Testing the Waters (Let the Gluten Go#1)

How food, diet, and dieting affected my writing and my life.  And maybe effects yours…

Here it is, the beginning of the New Year for the Western World.  Some people are barreling ahead with resolutions, grand plans for diet change, exercise, social makeovers, new jobs, new spouses, new lives, for heaven’s sake – and it all makes you tired.

You’ve done pretty much ALL of this – over and over.  And none of it has helped you gain energy, lose weight, find your enthusiasm or anything else that you’d like to find. Every attempt has smacked you down.

Well…on the way from recovering from an illness most don’t recover from, I discovered something.  It gave me back my energy, my higher reasoning faculties, and finally, my creativity and writing.  I am improving every single day.

What I discovered has to be shared now — I can’t wait for studies and science scattered over the Internet to catch up to me.  I can’t even wait for the tests to come back – that’s how HUGE the difference is for me.  Some of you – according to some estimates, perhaps as many as 42% of the US population – also need to know this now.

So I am proposing this – for 30 days, one month – can you do this:

* Give up one group of food?

* Carefully read labels on food packages?

* Ask questions about food in a restaurant – and be brave enough not to eat certain things, if they can’t answer your questions satisfactorily?

* Keep reminding yourself:   “This is an experiment.  It’s only for a month.  I can do this for a month!  I can always eat XXX after a month — or after however long I decide to try this — if I still want it.”

* No exercise if you don’t want to exercise now.

* No denying yourself dessert – with one restriction.

* You can even drink modestly – with one restriction.

* You don’t have to count calories – you just have to remember that food is like everything else.  It has a use and a price. Your body will use the food you give it – and that includes all liquids.  Your body will either burn the food or convert it to something it needs.  What your body needs may be brain cells or fat; it all depends on what you really need.

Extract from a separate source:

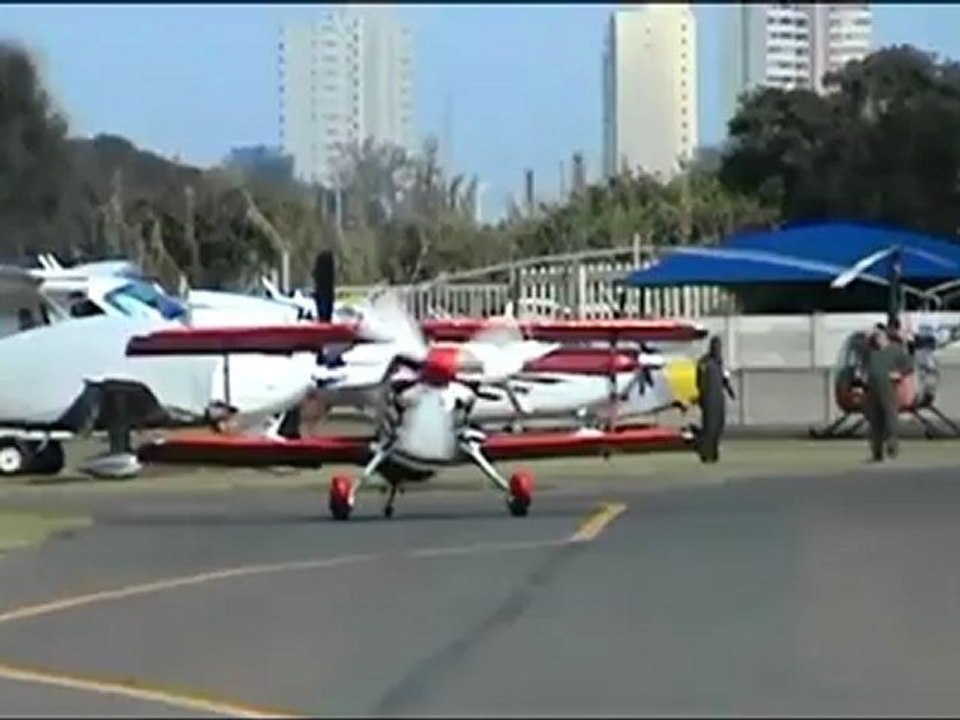 Stu Saward Pitts Validation 2- Durban Virginia Airshow 2012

What if you can’t lose weight because your body actually thinks it’s starving, and is desperately holding on to calories to weather the famine?

The secret is simple, and yet a little scary, too.  I will give it to you like this:  If you think, I’ll bet you either know someone, or know of someone, who “stopped eating bread and lost 30 pounds in six months.”  Or “I just stopped eating bread and desserts!”  (That second person lost 70 pounds over one year.)

For some people, the magic bullet is wheat.  Your body may be overwhelmed by too much wheat, because wheat is in pretty much every packaged food available.  Or you may actually be a little wheat sensitive…or wheat intolerant.  You may be gluten sensitive or intolerant – and that includes wheat in all its guises, plus its relatives barley and rye.  (Unfortunately, that also includes oats, because around 80% of the oats available in the USA are cross-contaminated with wheat.)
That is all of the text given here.